• **Image-caption web data**
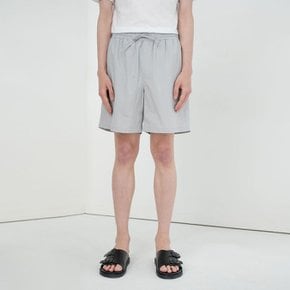 COTTON STRING SHORTS_LIGHT GRAY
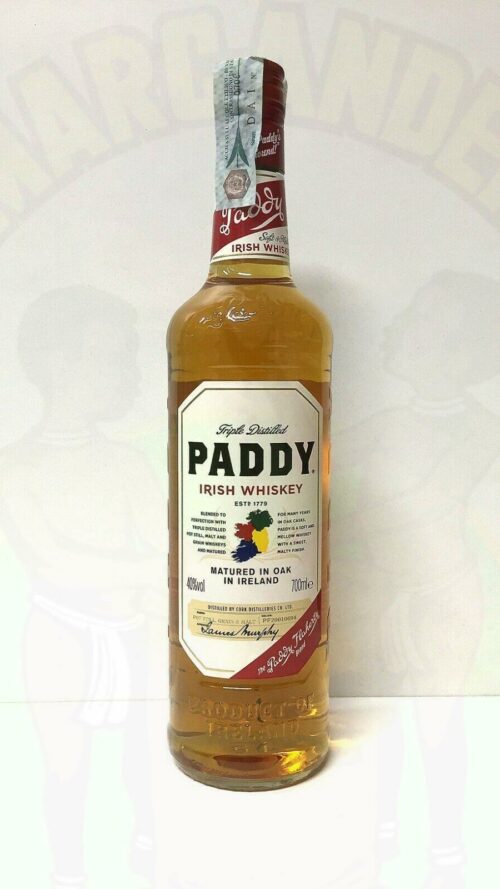 Whisky Paddy Enoteca Batani Andrea Torrefazione bottiglie Siena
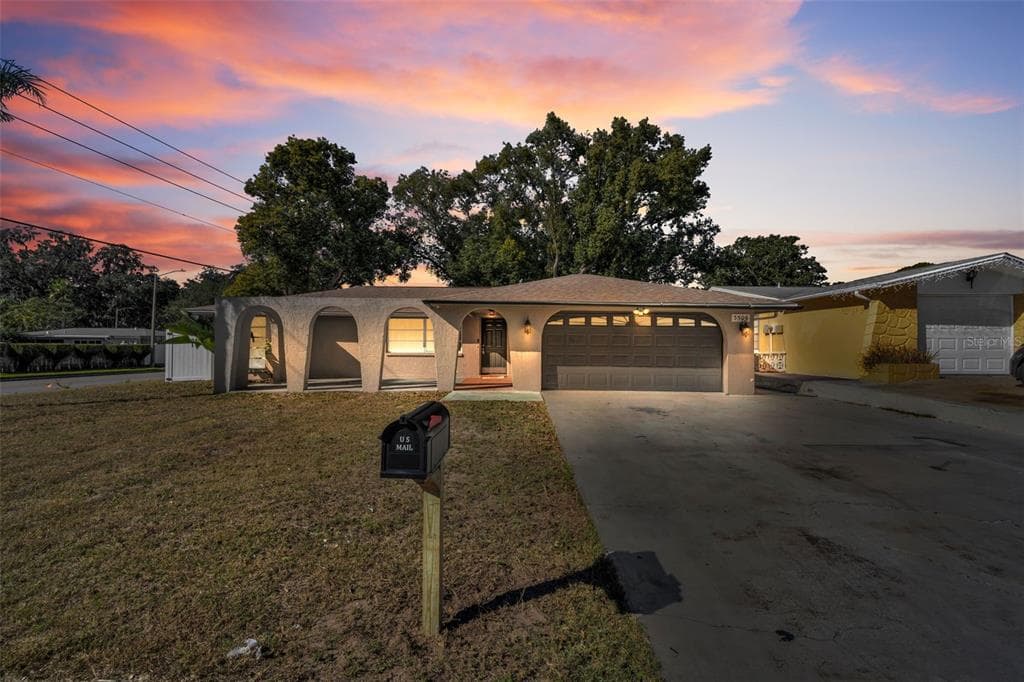 3505 CALERA DRIVE NEW PORT RICHEY, FL 34652
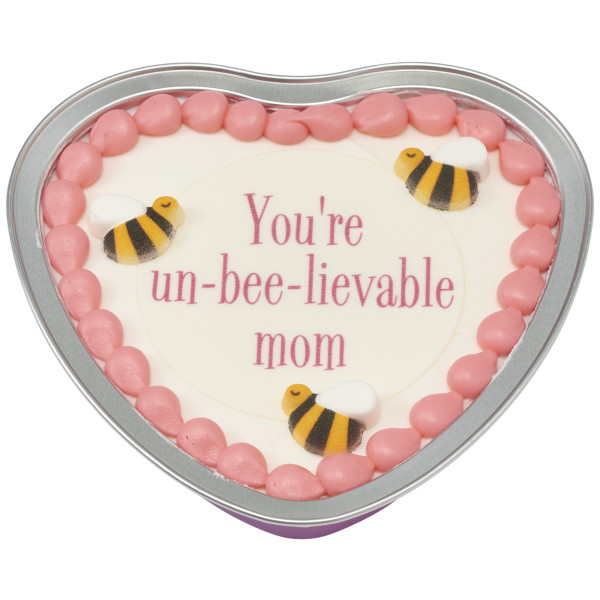 Bumble Bees Assortment - Red 3 Free Dec-Ons® Decorations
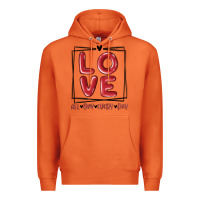 Carrot love all day every day Premium Hoodie - MaliasSmallBusiness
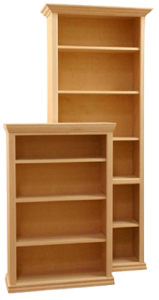 Traditional Crown Bookcases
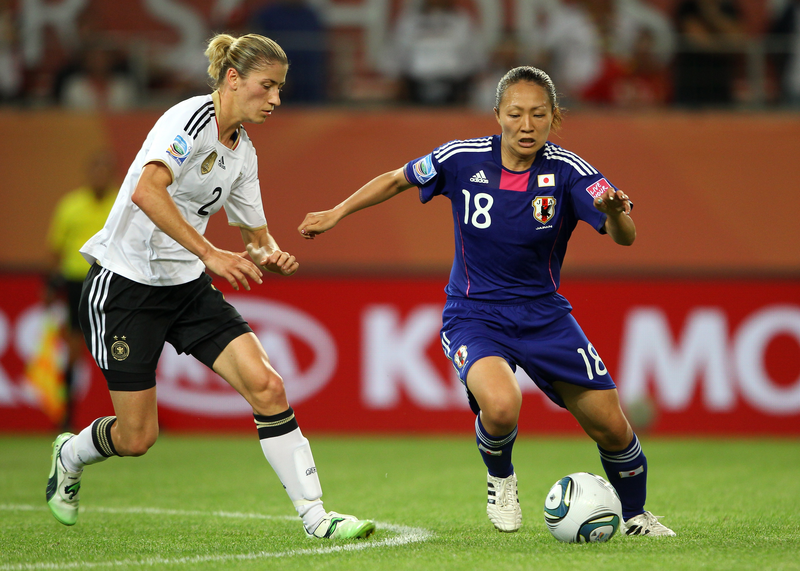 FIFA Women's World Cup's tweet - "⏪ Ten years ago today ...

• **THE TASK**
With pictures omitted, reproduce exactly the lines from the line containing "Bumble Bees Assortment" through the end of the data above.

• **WRITTEN REPLY**
 Bumble Bees Assortment - Red 3 Free Dec-Ons® Decorations
 Carrot love all day every day Premium Hoodie - MaliasSmallBusiness
 Traditional Crown Bookcases
 FIFA Women's World Cup's tweet - "⏪ Ten years ago today ...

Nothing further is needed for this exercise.